Top of Dataset section

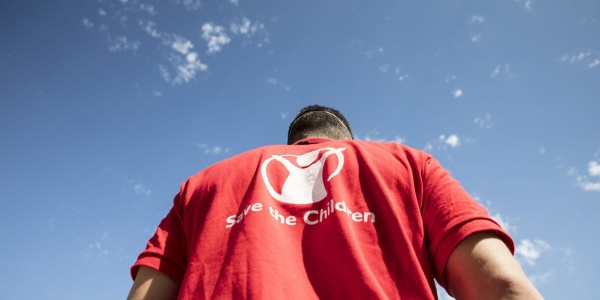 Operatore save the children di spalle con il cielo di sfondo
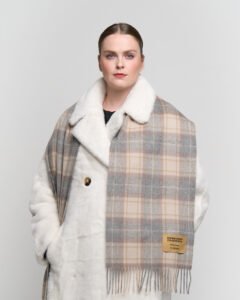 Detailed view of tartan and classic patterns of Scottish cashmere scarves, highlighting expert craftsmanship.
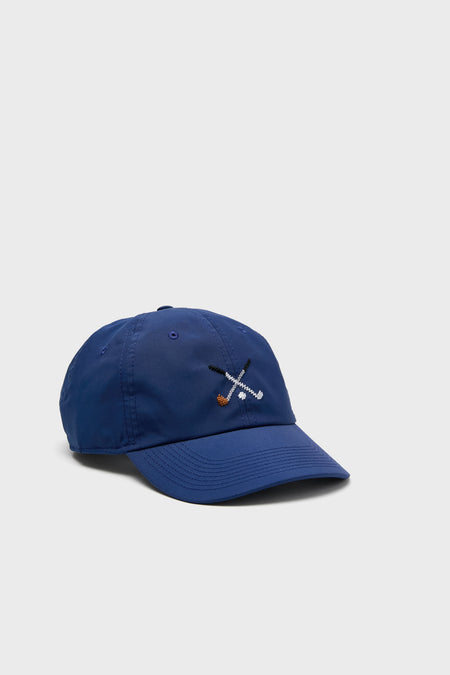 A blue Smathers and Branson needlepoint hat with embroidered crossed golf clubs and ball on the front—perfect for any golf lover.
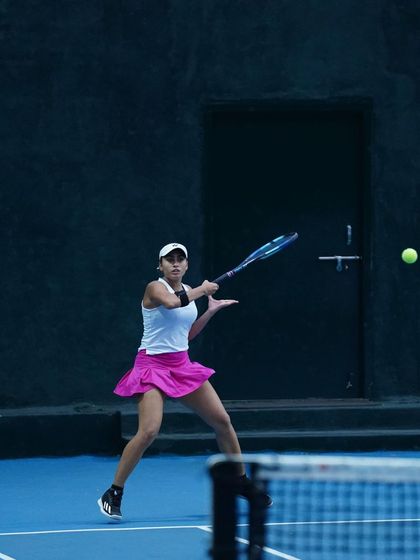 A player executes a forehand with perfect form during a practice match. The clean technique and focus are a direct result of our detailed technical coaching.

Bottom of Dataset section

Activity: The line containing "A blue Smathers" marks the end; please output exactly the lines of the listing above from its first line through that line, without pictures.

Exercise output:
 Operatore save the children di spalle con il cielo di sfondo
 Detailed view of tartan and classic patterns of Scottish cashmere scarves, highlighting expert craftsmanship.
 A blue Smathers and Branson needlepoint hat with embroidered crossed golf clubs and ball on the front—perfect for any golf lover.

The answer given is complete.